Zo ja, wanneer en met welke partners?

Zo neen, wanneer staat dit overleg gepland en welke partners zullen worden uitgenodigd?

7) Welke maatregelen overweegt de minister op korte en lange termijn te nemen om de openbare diensten en de (onderzoeks)instellingen beter te beveiligen tegen aanvallen van dergelijke spionagesoftware? Zal ter zake overleg georganiseerd worden met de ministers die op het niveau van de regio's bevoegd zijn?

Antwoord ontvangen op 5 mei 2015 :

Het geachte lid vindt hieronder het antwoord op zijn vragen :

1) tot 3) In mijn hoedanigheid van minister van Veiligheid en Binnenlandse Zaken, ben ik niet bevoegd om gerechtelijke informatie over « cyberaanvallen van de pas ontdekte spyware Regin » te geven.

Ook de Computer Crime Unit die het onderzoek naar Regin voert is niet gemachtigd om over dergelijke zaken te communiceren.

Inzake lopende dossiers is het de leidinggevende magistraat (magistraat van het lokaal of federaal parket en eventueel de onderzoeksrechter) die zal oordelen of een communicatie al dan niet is gewenst.

4) Cyberveiligheid en de uitdagingen van de toegenomen digitalisering zijn onderwerpen die op meerdere Europese en internationale fora worden besproken.
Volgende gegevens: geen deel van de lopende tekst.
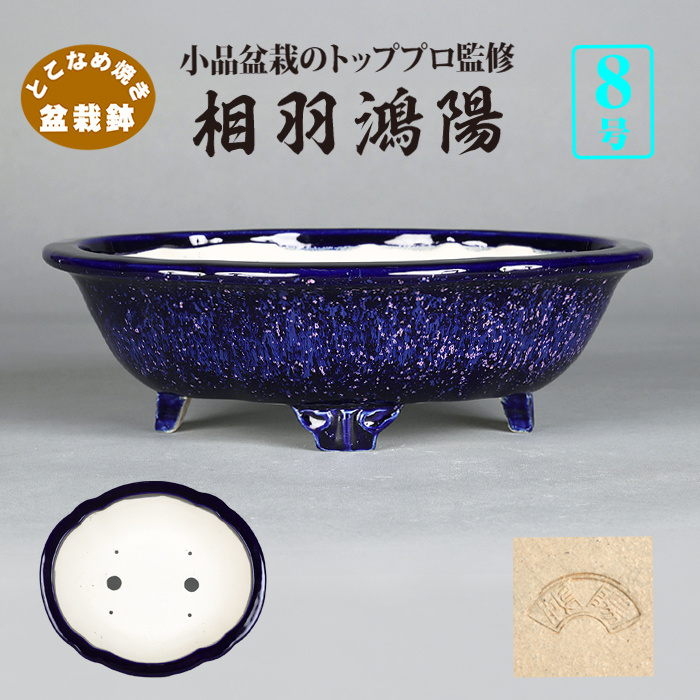 常滑鉢 | 盆栽、盆栽書籍、盆栽鉢の通販│近代出版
België neemt deel aan deze discussies en ondersteunt initiatieven ter verhoging van de veiligheid in de digitale wereld. Deze regering engageert zich bovendien in het regeerakkoord expliciet tot het nemen van de nodige maatregelen om de essentiële informatiesystemen en -netwerken te beschermen en een effectieve respons bij cyberaanvallen te bewerkstelligen.

5) tot 7) Deze vragen behoren tot de bevoegdheid van de eerste minister, die onder meer belast is met het operationaliseren van het Centrum voor cybersecurity België.

Het Centrum zal een coördinerende rol toebedeeld krijgen, beleidsadvies geven en initiatieven nemen om bedrijven, consumenten en openbare diensten te adviseren en te beschermen.

De federale politie zal een belangrijke rol op zich dienen te nemen in de ketengerichte en geïntegreerde aanpak van de cybercriminaliteit, maar de concrete invulling en uitwerking hiervan zal gebeuren wanneer het CCB operationeel is.